[AVAILABLE DATA]

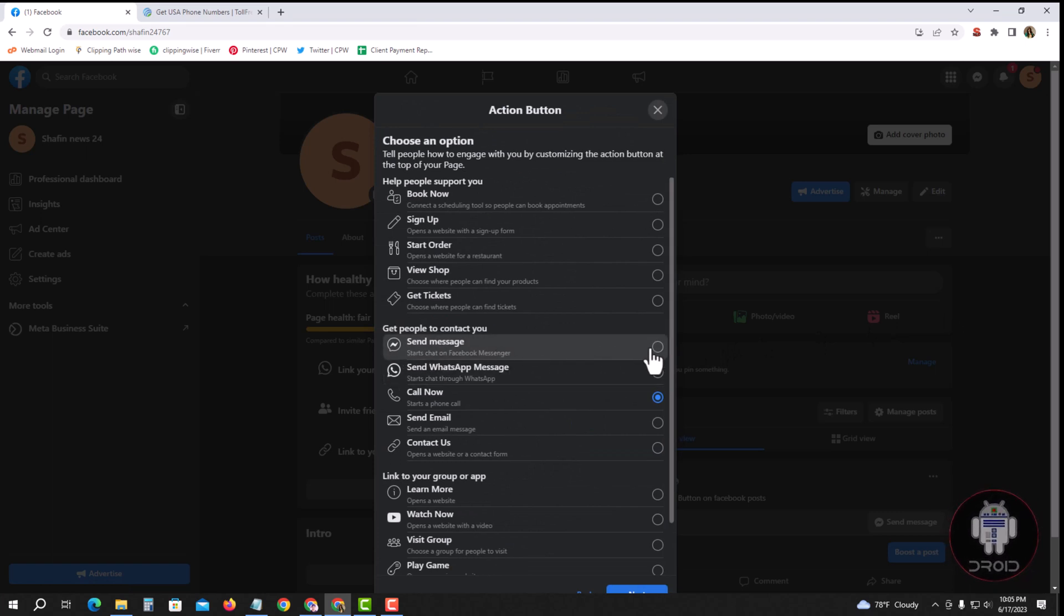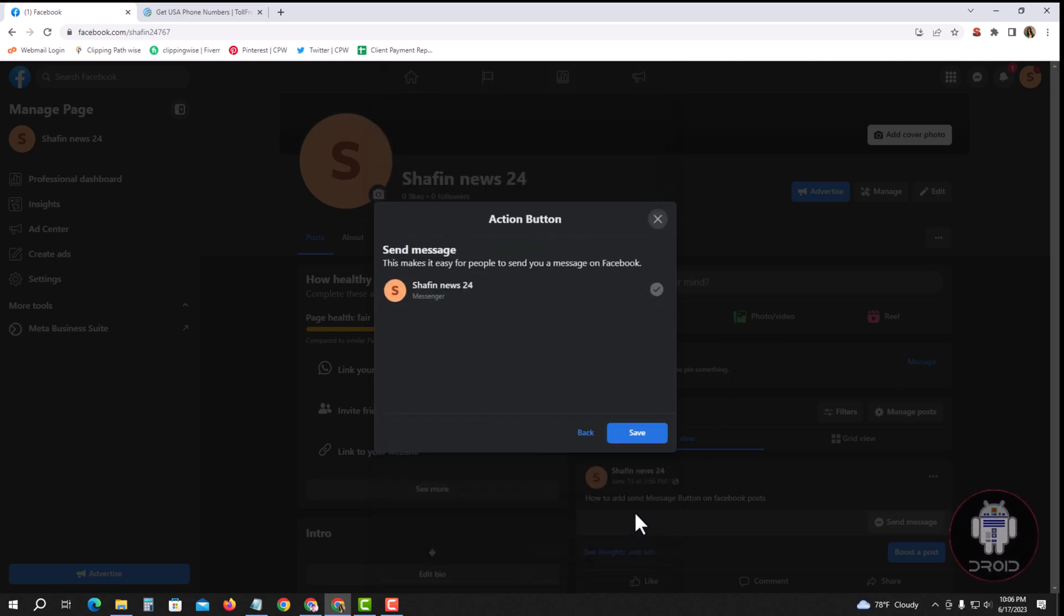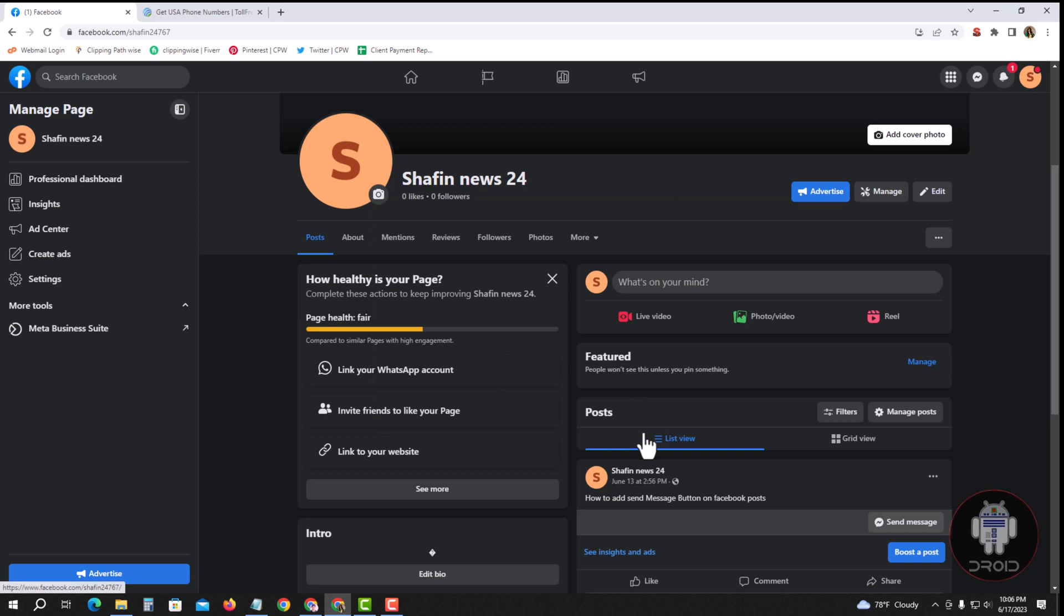Change to send message, select this, then the next. Save. Okay, now successfully saved the messenger message button.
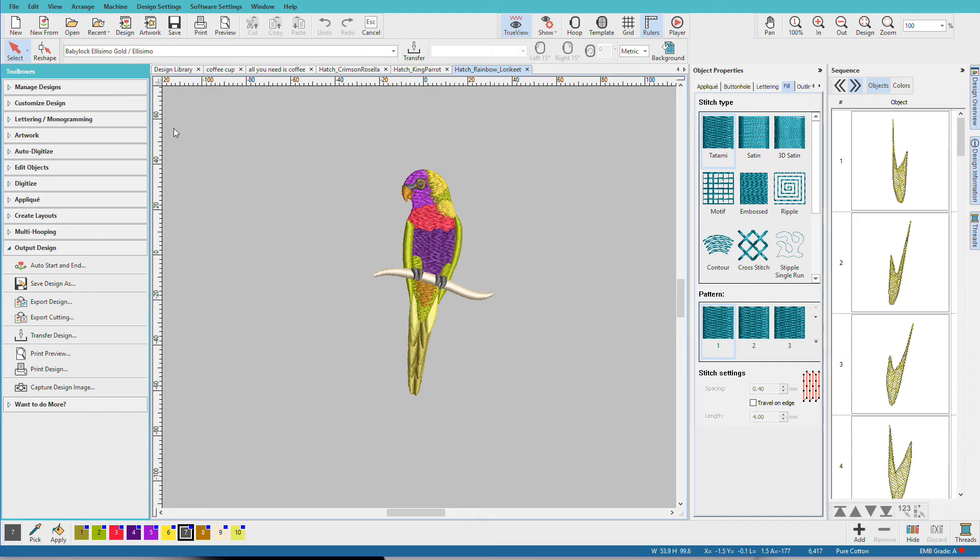So opening designs is quick and easy, just a click or two. Actually finding the designs can be a bit more involved and Hatch has powerful tools for that. And we'll take a look in another video.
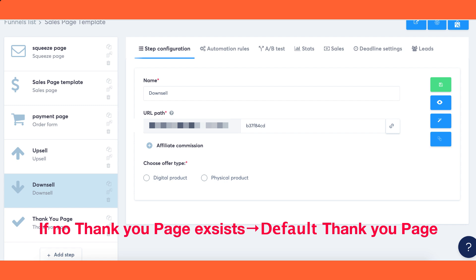By following these steps and ensuring the proper sequence of your sales funnel pages, you can create an efficient and seamless experience for your customers.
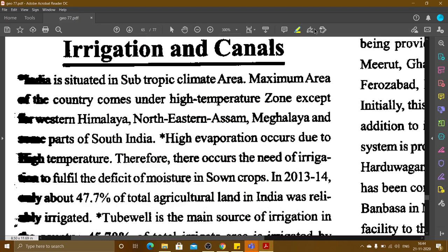India is located in a sub-tropic climate area. Maximum area of the country comes under the high temperature zone. Except for western Himalayas, north-eastern Assam and Meghalaya, and some parts of South India, high evaporation occurs due to the high temperature.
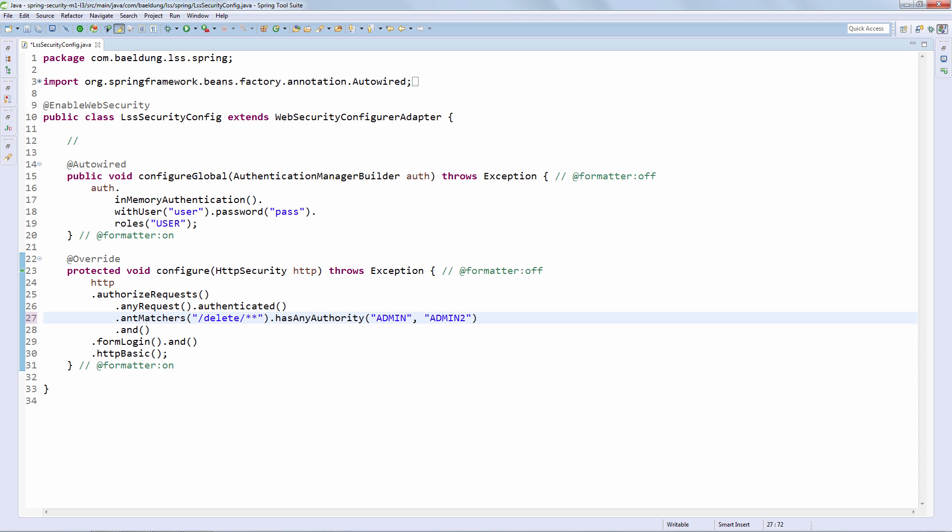So this is pretty much it. Now admin2 may not be something you want to go into production with, but this is just an example. So in this case, any of these two authorities, admin and admin2, will be okay for allowing you access to delete operations. And the role API here is going to work exactly the same way. But just keep in mind that if you're using HasAnyRole, then that prefix will still be involved. So that means that basically the check and the name of your authority needs to be role underscore admin, or in this case, role underscore admin2. So pretty simple, pretty straightforward. But one of the best and more flexible ways to really check authorization in your system.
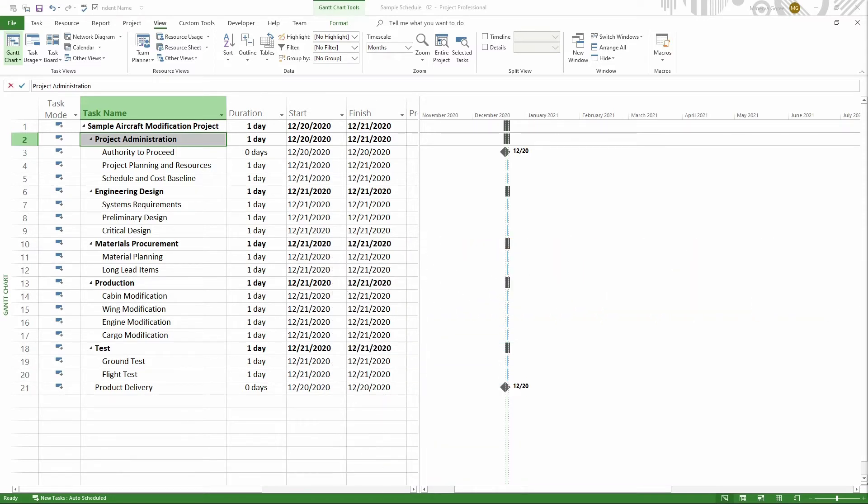Here we start with a very basic project schedule that has just been converted from a simple list to having a structure. The whole schedule is expanded and we can see every task in the schedule.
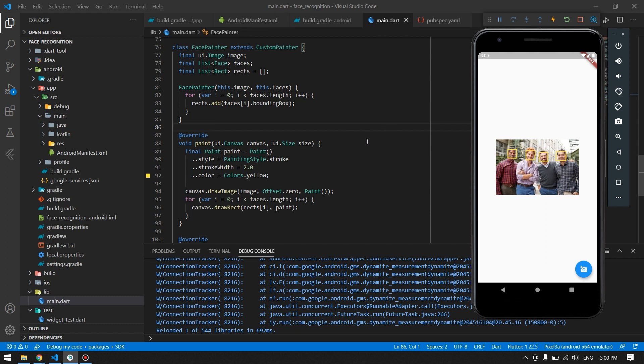If you want, you can change the width to 2 to make it look a bit nicer. This is how we can implement face detection in our Flutter application. If you have any problems, don't forget to comment down and I will respond as soon as possible. If you like the video, please like and subscribe so you won't miss more amazing videos. I will try to upload more content about machine learning with Flutter, so stay tuned and I'll see you in the next video.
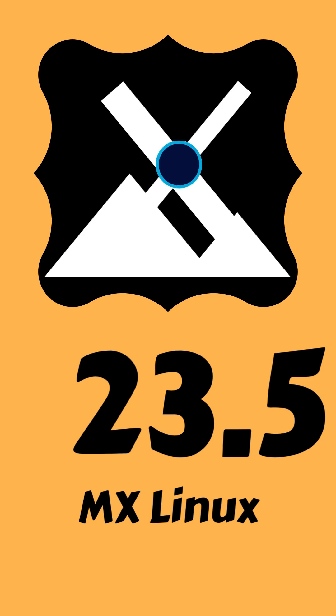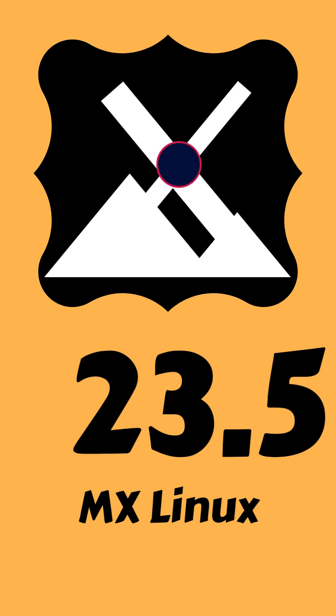With all these improvements, MX Linux continues to be a versatile and reliable choice for users. Whether you're running it on a desktop, laptop, or Raspberry Pi, there's something in this update for everyone. So don't wait! Update now and enjoy the enhanced MX Linux experience.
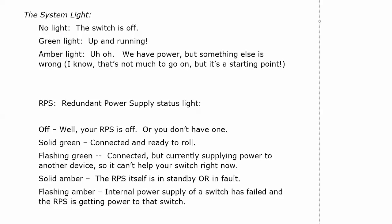Now that system light, if you don't have a light there, then the switch is off and that's where you need to start your troubleshooting because we're obviously not getting anywhere if we don't have any power. If you have a green light, you're up and running, as you would expect. Green light almost always means that.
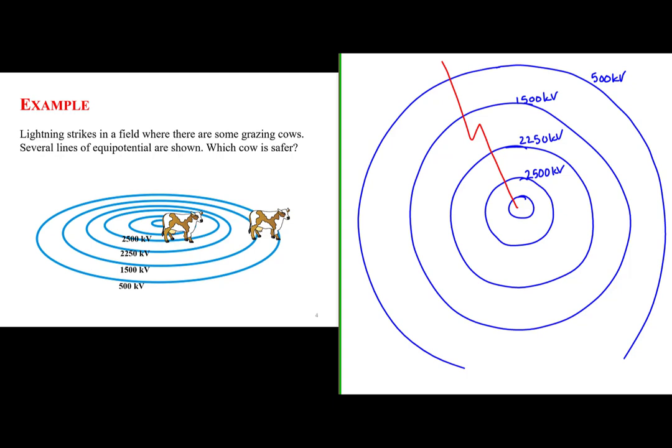Now we have two cows shown. One cow is approximately on one of the equipotential surfaces — all of its feet are approximately on one of the equipotential lines, while another cow's feet straddle two equipotential lines. Based off of this, which cow do you think is safer?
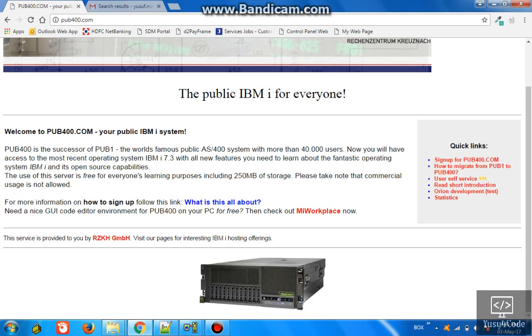Hello friends, this is Yusuf here. In this video I'm going to tell you how you can get your free AS/400 profile as well as how you can get free IBM Access Client Access for Windows.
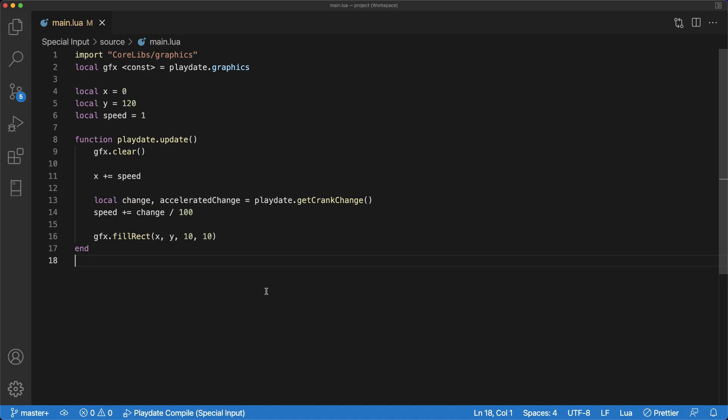A side note, I'm dividing by 100 simply because I want the values to be smaller than say 300 degrees, 270 degrees, values like that.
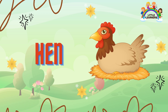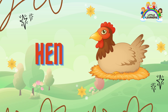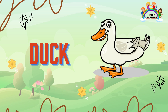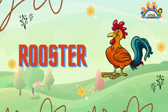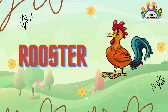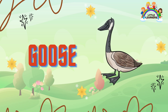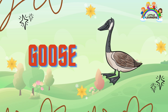This is a hen. This is a duck. Here is a rooster. This is a goose.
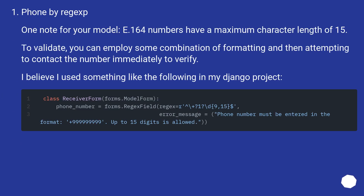One note for your model using the Regexp approach: E.164 numbers have a maximum character length of 15. To validate, you can employ some combination of formatting and then attempting to contact the number immediately to verify. I believe I used something like the following in my Django project.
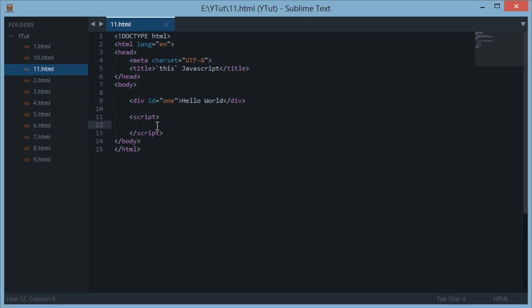Hello YouTube and welcome to your 11th JavaScript tutorial. In this tutorial we will be discussing something called `this` in JavaScript. In my earlier tutorials I have used the keyword `this` many times but not explained properly what `this` does. Now technically, `this` keyword refers to the owner of the function or any object you are calling.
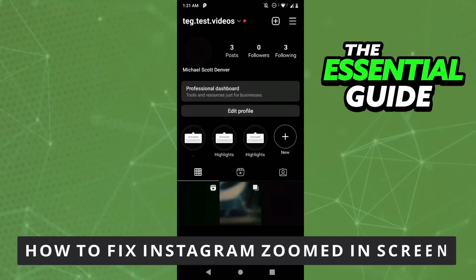Hello everybody, how's it going? Today I'll teach you how to fix Instagram zoomed-in screen.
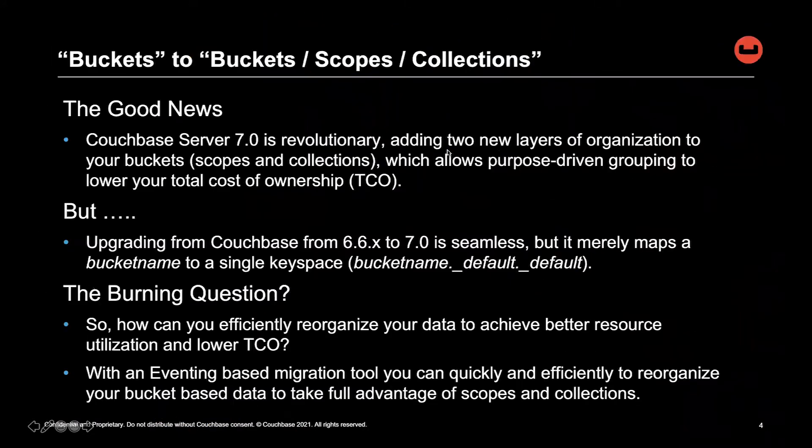This discussion will be focused on converting data in your buckets to bucket scopes and collections, which are called key spaces.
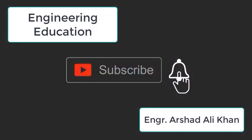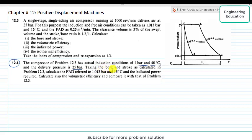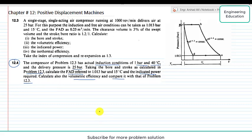Hello students, welcome to my channel Engineering Education. Please subscribe to my channel. This lecture is about the solution of problem 12.4. The statement of problem 12.4 is: the compressor of problem 12.3 has actual induction conditions of 1 bar and 40 degrees centigrade, and the delivery pressure is 25 bar. Taking the bore and stroke as calculated in problem 12.3, calculate the free air delivery referred to 1.013 bar and 15 degrees Celsius, the indicated power, and the volumetric efficiency and compare it with problem 12.3.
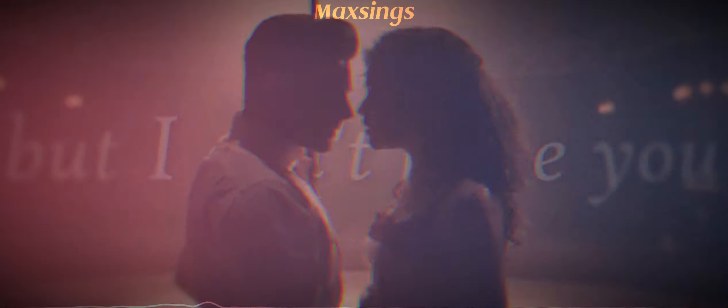You know I want you. It's not a secret I tried to hide. But I can't have you. We're bound to break and my hands are tied.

[/AVAILABLE DATA]

[REQUIRED ACTION]
Starting with the line above that holds "So opening designs", restate each line word for word up to and including the line that holds "India is located". Drop the pictures.

[EXERCISE RESPONSE]
So opening designs is quick and easy, just a click or two. Actually finding the designs can be a bit more involved and Hatch has powerful tools for that. And we'll take a look in another video.
By following these steps and ensuring the proper sequence of your sales funnel pages, you can create an efficient and seamless experience for your customers.
India is located in a sub-tropic climate area. Maximum area of the country comes under the high temperature zone. Except for western Himalayas, north-eastern Assam and Meghalaya, and some parts of South India, high evaporation occurs due to the high temperature.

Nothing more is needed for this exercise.